• RAW DATA:

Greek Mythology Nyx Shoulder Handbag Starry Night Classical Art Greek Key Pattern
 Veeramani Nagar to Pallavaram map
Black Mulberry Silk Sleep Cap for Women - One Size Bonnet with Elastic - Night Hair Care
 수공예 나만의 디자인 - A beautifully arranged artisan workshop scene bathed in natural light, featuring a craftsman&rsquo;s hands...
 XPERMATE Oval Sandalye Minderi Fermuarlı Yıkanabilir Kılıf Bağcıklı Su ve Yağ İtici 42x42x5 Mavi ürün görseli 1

---

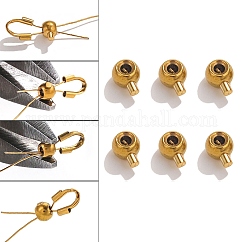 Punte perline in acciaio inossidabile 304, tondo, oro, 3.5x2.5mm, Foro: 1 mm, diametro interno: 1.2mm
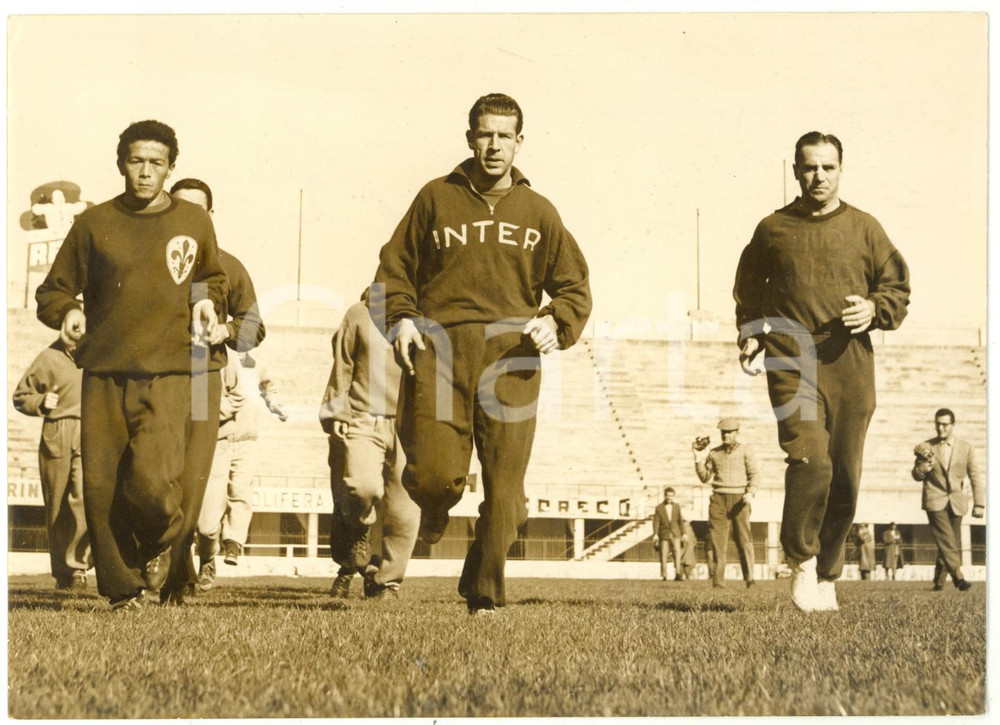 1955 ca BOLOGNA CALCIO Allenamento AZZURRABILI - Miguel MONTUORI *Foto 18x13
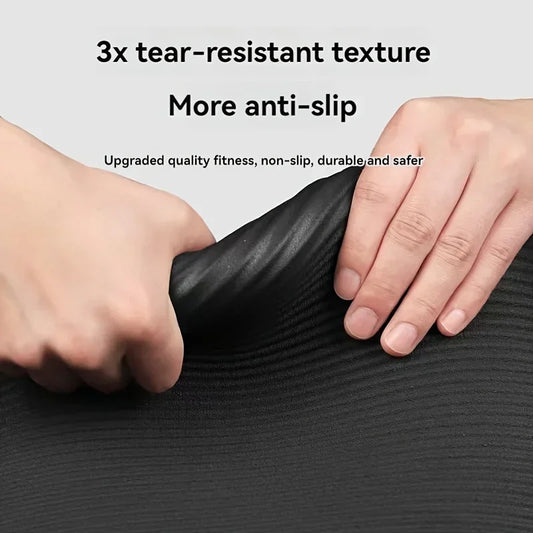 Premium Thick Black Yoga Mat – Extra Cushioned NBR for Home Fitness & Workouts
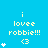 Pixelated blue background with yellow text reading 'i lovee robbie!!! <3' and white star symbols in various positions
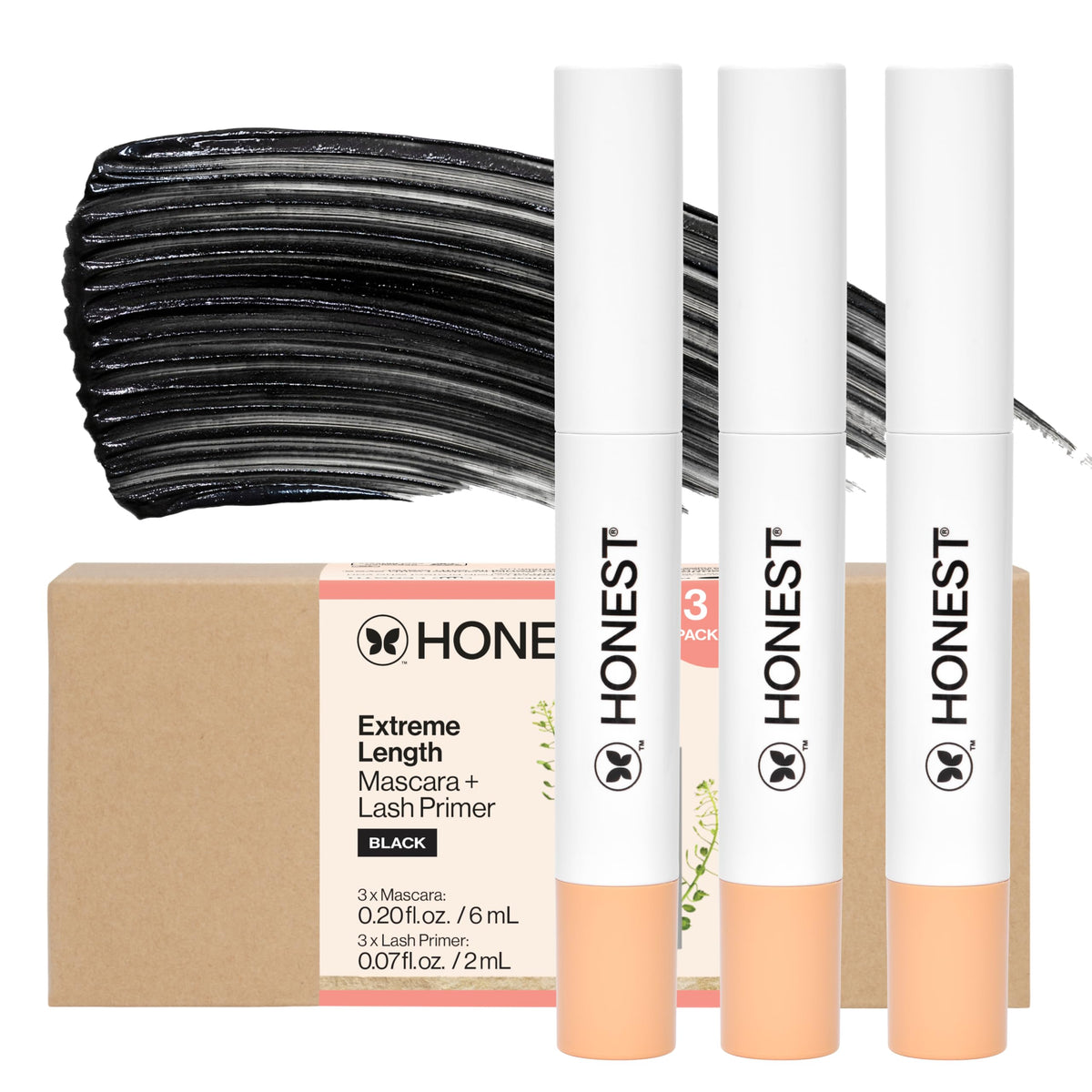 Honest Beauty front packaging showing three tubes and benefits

...

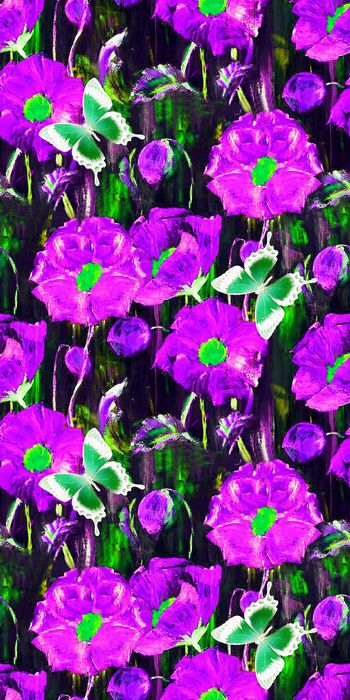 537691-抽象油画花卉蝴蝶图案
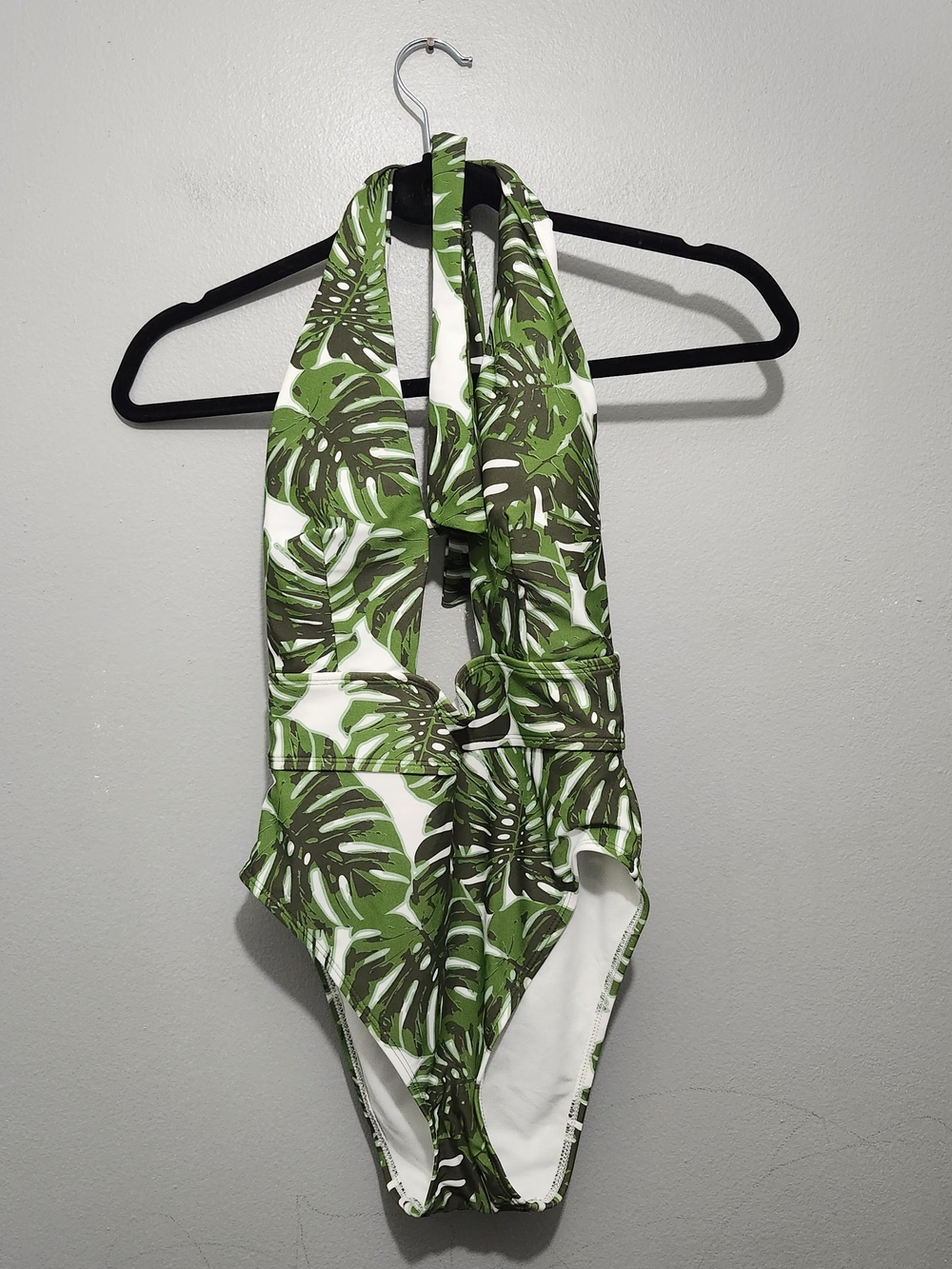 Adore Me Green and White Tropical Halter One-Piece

• WHAT YOU SHOULD DO: Return exactly the part of the listing above that opens with the line containing "Pixelated blue background" and closes with the line containing "Honest Beauty front". Pictures stay out.

• RESPONSE TO THIS TASK:
 Pixelated blue background with yellow text reading 'i lovee robbie!!! <3' and white star symbols in various positions
 Honest Beauty front packaging showing three tubes and benefits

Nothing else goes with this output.